Summary of the dispute:
After returning very large majorities for action in national ballots, CWU members in Royal Mail took 18 days of strike action during the second half of 2022 over pay and unagreed changes to terms and conditions.
The first strike was on 26th August and the last strike of the year was on 24th December. Each action was solidly supported by some 115,000 postal workers in delivery, processing, distribution and all other functions, as well as members working in Parcelforce.
During this time, disciplinary actions against reps and activists by the company, its withdrawal from long agreed IR procedures and other national agreements, along with threats of compulsory redundancies only increased the anger felt by members and, far from breaking the strike, actually boosted the determination of postal workers to fight harder for a fair deal.
In early January, however, the company made what the union described as “significant moves” towards a potential settlement of the dispute, including a pledge not to carry out any compulsory redundancies, a return to the pre-existing industrial relations framework, a full review of all disciplinary cases arising from the dispute and a commitment to meaningful negotiations during January with the aim of resolving the issues in dispute.
On this basis, the union decided not to call further strike actions during January, and to focus on engagement with these negotiations in good faith.
However, in the event of the negotiations being unsuccessful, and given that the initial strike ballot mandates from 2022 were due to expire in the latter part of February, the union also called a second national industrial action ballot, the result of which will be announced on 16th February.

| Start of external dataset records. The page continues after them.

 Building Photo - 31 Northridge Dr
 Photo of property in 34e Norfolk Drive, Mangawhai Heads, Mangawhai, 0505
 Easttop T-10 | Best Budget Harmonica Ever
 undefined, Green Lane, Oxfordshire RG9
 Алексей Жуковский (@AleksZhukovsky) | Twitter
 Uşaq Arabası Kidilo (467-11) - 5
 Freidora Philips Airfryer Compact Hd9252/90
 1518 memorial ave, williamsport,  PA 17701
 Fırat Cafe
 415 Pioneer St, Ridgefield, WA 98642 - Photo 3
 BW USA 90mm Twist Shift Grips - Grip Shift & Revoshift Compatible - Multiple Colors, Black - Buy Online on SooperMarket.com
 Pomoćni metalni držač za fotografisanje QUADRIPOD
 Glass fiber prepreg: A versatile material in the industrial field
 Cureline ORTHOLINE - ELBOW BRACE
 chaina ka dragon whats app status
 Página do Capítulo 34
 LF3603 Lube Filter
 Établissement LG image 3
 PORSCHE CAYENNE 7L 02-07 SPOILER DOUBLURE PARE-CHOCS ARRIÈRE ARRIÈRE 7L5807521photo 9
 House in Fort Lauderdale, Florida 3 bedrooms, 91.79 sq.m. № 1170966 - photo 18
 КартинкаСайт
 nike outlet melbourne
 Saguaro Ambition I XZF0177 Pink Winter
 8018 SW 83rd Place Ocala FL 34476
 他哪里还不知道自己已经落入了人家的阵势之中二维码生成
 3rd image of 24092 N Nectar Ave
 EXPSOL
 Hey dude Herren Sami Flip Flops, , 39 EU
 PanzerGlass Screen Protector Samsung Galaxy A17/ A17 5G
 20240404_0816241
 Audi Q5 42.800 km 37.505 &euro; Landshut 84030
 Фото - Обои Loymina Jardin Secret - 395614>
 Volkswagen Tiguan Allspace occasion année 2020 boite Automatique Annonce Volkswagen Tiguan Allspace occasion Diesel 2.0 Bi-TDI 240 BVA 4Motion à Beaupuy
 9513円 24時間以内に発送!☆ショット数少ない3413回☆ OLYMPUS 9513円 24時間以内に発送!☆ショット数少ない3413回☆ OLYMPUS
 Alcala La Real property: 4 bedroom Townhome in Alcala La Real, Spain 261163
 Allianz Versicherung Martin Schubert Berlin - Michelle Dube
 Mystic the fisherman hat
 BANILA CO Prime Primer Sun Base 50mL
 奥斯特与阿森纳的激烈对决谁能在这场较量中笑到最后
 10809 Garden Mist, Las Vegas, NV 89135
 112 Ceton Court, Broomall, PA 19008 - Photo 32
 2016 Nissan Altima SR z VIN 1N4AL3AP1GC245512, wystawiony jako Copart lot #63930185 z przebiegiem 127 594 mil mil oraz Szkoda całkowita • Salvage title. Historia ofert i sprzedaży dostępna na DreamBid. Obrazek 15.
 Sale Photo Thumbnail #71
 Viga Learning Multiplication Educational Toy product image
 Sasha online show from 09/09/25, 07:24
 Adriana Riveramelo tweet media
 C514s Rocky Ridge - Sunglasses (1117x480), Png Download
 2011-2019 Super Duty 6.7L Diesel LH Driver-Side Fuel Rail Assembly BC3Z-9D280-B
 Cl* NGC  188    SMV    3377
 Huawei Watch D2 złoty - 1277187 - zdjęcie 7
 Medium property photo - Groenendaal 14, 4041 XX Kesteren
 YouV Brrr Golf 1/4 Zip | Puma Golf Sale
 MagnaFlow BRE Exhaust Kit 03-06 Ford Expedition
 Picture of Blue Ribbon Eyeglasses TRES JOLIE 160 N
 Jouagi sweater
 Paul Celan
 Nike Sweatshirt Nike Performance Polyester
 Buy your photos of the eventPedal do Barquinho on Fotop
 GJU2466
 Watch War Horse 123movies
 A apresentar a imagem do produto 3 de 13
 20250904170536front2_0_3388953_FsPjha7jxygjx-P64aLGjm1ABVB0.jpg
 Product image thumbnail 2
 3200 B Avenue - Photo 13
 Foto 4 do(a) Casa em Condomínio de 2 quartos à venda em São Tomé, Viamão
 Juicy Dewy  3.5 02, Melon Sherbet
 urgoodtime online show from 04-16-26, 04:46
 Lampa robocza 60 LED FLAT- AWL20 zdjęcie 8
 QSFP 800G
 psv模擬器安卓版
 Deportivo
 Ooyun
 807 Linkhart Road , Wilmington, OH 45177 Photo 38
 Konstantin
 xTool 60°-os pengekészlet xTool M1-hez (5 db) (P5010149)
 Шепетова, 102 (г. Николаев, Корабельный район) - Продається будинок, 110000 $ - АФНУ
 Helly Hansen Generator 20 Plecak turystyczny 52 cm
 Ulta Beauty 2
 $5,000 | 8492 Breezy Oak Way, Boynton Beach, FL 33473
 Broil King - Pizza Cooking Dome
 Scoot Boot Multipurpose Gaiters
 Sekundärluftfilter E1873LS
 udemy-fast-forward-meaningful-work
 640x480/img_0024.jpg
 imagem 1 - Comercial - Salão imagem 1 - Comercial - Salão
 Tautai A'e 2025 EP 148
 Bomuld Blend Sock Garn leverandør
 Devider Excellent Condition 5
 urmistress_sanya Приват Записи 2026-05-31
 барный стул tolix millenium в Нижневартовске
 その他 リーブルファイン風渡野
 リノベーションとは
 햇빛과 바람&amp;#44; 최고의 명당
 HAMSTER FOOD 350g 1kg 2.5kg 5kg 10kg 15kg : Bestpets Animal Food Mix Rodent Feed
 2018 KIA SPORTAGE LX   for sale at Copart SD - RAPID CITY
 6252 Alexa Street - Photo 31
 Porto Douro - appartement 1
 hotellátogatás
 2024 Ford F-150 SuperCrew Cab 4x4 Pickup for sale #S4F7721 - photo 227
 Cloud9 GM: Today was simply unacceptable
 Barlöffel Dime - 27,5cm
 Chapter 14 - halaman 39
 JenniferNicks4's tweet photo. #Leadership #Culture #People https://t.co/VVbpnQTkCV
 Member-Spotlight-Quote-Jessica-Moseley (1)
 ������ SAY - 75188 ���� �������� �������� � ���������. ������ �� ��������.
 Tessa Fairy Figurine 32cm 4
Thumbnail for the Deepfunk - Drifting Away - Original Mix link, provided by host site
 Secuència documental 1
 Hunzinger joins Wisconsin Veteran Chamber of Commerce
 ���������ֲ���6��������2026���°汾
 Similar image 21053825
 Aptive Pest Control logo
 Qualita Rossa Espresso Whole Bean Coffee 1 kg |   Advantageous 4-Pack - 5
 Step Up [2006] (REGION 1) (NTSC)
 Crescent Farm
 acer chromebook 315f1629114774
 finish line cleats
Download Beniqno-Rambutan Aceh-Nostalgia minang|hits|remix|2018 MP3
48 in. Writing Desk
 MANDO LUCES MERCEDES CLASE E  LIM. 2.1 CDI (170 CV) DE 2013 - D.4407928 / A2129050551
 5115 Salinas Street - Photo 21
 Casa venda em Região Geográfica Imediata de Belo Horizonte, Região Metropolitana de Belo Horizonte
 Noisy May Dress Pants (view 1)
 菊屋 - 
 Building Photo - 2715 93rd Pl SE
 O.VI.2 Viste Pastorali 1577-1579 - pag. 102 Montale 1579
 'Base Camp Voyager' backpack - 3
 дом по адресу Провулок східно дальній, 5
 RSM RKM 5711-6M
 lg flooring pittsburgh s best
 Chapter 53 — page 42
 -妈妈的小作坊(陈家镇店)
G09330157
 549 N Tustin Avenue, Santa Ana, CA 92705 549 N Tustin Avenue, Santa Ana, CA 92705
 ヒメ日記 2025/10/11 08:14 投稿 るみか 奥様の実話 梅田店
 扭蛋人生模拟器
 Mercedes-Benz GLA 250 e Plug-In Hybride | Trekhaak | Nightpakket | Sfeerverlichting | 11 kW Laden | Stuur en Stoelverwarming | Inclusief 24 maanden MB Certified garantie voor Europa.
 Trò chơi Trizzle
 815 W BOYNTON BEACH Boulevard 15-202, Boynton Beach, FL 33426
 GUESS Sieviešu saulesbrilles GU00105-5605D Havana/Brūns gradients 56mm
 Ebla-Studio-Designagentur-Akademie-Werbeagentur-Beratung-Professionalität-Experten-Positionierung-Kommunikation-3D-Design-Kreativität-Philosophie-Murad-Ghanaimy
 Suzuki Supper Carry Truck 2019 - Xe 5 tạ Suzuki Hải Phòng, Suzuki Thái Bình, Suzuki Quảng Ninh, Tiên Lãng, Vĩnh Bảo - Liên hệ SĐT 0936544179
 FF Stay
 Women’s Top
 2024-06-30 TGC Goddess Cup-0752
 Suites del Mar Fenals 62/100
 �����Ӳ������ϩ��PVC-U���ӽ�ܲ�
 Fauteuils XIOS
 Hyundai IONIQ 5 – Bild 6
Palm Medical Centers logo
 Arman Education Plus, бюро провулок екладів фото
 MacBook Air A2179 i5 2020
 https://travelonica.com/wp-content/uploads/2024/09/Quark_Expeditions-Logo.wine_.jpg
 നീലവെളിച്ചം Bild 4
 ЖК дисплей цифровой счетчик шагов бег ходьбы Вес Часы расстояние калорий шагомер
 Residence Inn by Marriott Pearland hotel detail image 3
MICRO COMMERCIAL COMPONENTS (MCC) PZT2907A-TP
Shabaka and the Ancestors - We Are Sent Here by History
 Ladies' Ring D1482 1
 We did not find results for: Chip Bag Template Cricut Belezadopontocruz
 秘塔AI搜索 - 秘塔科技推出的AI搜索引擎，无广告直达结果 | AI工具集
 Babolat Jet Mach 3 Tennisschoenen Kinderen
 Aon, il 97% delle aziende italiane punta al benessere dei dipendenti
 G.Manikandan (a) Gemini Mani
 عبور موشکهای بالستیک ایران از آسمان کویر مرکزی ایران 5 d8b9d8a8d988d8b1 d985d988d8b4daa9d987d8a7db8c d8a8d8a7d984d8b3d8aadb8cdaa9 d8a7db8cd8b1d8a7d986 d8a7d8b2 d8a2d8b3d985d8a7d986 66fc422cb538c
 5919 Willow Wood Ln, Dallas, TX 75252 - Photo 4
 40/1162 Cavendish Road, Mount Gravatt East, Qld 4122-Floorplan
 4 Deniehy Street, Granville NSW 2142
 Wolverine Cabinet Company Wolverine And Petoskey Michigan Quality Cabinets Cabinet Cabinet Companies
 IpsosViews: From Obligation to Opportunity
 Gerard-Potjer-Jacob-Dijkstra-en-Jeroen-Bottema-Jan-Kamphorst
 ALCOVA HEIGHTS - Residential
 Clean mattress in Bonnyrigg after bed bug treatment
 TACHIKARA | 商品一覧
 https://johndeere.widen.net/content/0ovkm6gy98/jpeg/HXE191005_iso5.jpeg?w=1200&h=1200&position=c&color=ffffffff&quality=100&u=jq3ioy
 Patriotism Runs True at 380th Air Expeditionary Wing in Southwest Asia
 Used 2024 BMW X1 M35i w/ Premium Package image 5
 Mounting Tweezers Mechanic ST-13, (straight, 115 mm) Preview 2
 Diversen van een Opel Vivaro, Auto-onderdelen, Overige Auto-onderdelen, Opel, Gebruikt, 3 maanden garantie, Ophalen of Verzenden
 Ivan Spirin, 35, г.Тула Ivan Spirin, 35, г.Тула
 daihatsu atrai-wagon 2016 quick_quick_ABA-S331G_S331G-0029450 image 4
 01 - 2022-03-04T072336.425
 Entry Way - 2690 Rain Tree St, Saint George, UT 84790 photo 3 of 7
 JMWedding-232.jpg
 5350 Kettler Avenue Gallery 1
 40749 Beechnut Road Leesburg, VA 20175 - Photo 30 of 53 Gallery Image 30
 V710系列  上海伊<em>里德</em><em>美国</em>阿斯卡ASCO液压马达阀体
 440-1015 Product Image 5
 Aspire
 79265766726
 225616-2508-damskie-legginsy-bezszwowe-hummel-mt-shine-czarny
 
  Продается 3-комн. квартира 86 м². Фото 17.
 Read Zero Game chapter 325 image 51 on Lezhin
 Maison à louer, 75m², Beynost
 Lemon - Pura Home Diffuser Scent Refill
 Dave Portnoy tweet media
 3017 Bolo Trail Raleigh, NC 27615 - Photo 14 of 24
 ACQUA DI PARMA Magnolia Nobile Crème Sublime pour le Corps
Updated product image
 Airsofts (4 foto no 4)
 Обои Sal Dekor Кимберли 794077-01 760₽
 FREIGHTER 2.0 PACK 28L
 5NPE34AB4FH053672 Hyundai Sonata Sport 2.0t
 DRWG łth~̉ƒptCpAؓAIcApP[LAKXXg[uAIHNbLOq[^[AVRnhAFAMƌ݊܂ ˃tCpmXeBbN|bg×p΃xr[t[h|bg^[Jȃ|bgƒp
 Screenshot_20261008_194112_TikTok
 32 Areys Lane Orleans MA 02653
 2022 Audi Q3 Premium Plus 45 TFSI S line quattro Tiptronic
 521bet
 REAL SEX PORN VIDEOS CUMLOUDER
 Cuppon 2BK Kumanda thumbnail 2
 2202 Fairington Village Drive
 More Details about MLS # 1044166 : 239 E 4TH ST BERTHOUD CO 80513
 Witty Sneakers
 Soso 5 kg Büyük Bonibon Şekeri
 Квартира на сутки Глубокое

Given the strategic importance of Royal Mail to the UK economy and society, the union also spent part of January making sure that the broader issues around the postal service and its future are fully highlighted in Parliament. Two Westminster Hall Debates, gave MPs the opportunity to debate and discuss the current state of UK postal services and the future of the USO, while the Business, Energy & Industrial Strategy Select Committee, heard from our general secretary Dave Ward and Royal Mail CEO Simon Thompson on the dispute.
(Subsequently, Select Committee Chair Darren Jones summonsed Mr Thompson to appear before the Committee again, on 22nd February.)
Also in January, our CWU leadership met with major Royal Mail shareholders to explain the union’s concerns about the company, set out our vision for a positive future and answer shareholders’ questions.